Duncan Field, head of planning at law firm Norton Rose Fulbright, said this central compulsion seems to contradict the National Planning Policy Framework (NPPF). "It is very hard to see how a centrally defined target for starter homes fits with the NPPF, which says authorities should use evidence to ensure that their local plan meets the full, objectively assessed needs for market and affordable housing," he pointed out.
According to David Jackson, head of planning at consultancy Savills, a way round this apparent contradiction may lie in another clause in the bill. This would allow the secretary of state to issue a "compliance direction" ordering a council to pay "no regard" to policies contained in local development plan documents if they are incompatible with the starter homes policy.
This, Jackson said, could prevent delays in implementing the starter homes drive. "Rather than every council having to adjust their local plan, they could just ignore the relevant section. It could mean that the starter homes element effectively becomes a top slice. The council’s priorities for affordable housing would only determine the tenure of the rest of the homes provided through the section 106 agreement."
Whatever proportion the secretary of state decrees that councils must let developers provide as starter homes, it is clear that homes built under the traditional definition of affordability will be squeezed. Ryan Johnson, head of residential at consultancy Turley, said: "Until now, affordable housing need has focused on shared ownership, intermediate and social rented. The introduction of starter homes starts to change that balance. Councils will need to look at different avenues for providing affordable housing, taking more seriously the option of building it themselves."

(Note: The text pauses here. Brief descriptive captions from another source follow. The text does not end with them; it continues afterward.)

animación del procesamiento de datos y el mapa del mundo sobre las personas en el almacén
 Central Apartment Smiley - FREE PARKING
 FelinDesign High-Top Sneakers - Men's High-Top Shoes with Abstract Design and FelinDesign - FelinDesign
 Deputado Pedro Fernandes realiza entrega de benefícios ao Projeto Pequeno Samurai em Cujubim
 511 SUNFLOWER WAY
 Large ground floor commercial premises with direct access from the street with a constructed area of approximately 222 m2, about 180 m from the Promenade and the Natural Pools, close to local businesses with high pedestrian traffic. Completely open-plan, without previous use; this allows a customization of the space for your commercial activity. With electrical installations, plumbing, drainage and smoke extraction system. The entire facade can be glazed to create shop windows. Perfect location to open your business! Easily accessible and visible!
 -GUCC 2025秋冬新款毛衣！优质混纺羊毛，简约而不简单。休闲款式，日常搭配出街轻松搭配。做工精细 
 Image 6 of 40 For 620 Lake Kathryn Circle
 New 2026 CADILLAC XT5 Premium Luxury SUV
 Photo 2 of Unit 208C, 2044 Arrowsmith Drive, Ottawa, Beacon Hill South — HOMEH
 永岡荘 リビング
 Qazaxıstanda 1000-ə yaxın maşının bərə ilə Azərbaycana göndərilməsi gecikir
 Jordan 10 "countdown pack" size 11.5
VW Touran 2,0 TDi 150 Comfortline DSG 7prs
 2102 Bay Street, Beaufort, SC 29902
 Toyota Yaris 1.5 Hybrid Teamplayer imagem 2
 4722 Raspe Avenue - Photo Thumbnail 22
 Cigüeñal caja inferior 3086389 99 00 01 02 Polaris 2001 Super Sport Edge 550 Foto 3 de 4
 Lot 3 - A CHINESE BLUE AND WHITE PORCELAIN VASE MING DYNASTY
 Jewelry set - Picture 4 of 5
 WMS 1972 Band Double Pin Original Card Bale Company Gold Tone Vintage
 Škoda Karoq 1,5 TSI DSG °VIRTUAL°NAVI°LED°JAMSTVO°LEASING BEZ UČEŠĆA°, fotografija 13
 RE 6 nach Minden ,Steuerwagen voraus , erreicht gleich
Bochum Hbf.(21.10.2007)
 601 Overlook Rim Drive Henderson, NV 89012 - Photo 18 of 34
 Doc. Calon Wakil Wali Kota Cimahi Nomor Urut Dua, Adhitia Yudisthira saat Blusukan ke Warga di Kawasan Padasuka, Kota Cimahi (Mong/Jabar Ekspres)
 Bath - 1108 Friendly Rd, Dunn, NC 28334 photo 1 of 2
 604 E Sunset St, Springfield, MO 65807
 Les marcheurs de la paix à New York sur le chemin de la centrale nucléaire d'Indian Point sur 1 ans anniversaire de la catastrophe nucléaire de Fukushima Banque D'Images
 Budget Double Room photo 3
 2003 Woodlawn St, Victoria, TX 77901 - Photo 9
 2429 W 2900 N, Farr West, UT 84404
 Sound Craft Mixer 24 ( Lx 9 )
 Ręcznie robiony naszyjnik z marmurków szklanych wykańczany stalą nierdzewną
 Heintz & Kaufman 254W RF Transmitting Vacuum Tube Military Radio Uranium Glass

Builders themselves gave a cautious thumbs-up to the proposals in the bill. "Anything that increases flexibility in terms of affordable homes is a positive thing and it could lead to more sites coming forward," said Steve Turner, spokesman for trade body the Home Builders Federation. He said if the starter homes scheme means that builders are responsible for marketing and selling all the homes on a site, many would see that as a positive.
However, Turner warned that a number of questions remain. "It is not clear where the money to compensate developers for the 20 per cent discount will come from. Doing it by removing other section 106 obligations will stack up better in some areas of the country than others," he said. He added: "If there is a big concentration of starter homes in a particular area, it could distort the market by reducing demand for full-price homes."
Mike Kiely, chairman of the board of the Planning Officers Society, said: "If starter homes were discounted in perpetuity, then you can see how the policy would work. But allowing them to be sold at market rates after a few years threatens to undermine the whole economic rationale. If you know that you’re going to get a 20 per cent cash bonus after five years, mortgage lenders will have to take that into account in valuing the house."
Kevin Gibbs, planning and infrastructure partner at law firm Bond Dickinson, voiced fears that the mere announcement of the proposed change could have a short-term dampening effect on the housing market. "When you make these announcements by written ministerial statement, it can cause delays in the system while planning policy and individual sites are held up. There may already be schemes which could be withdrawn because their business case is likely to change so radically," said Gibbs.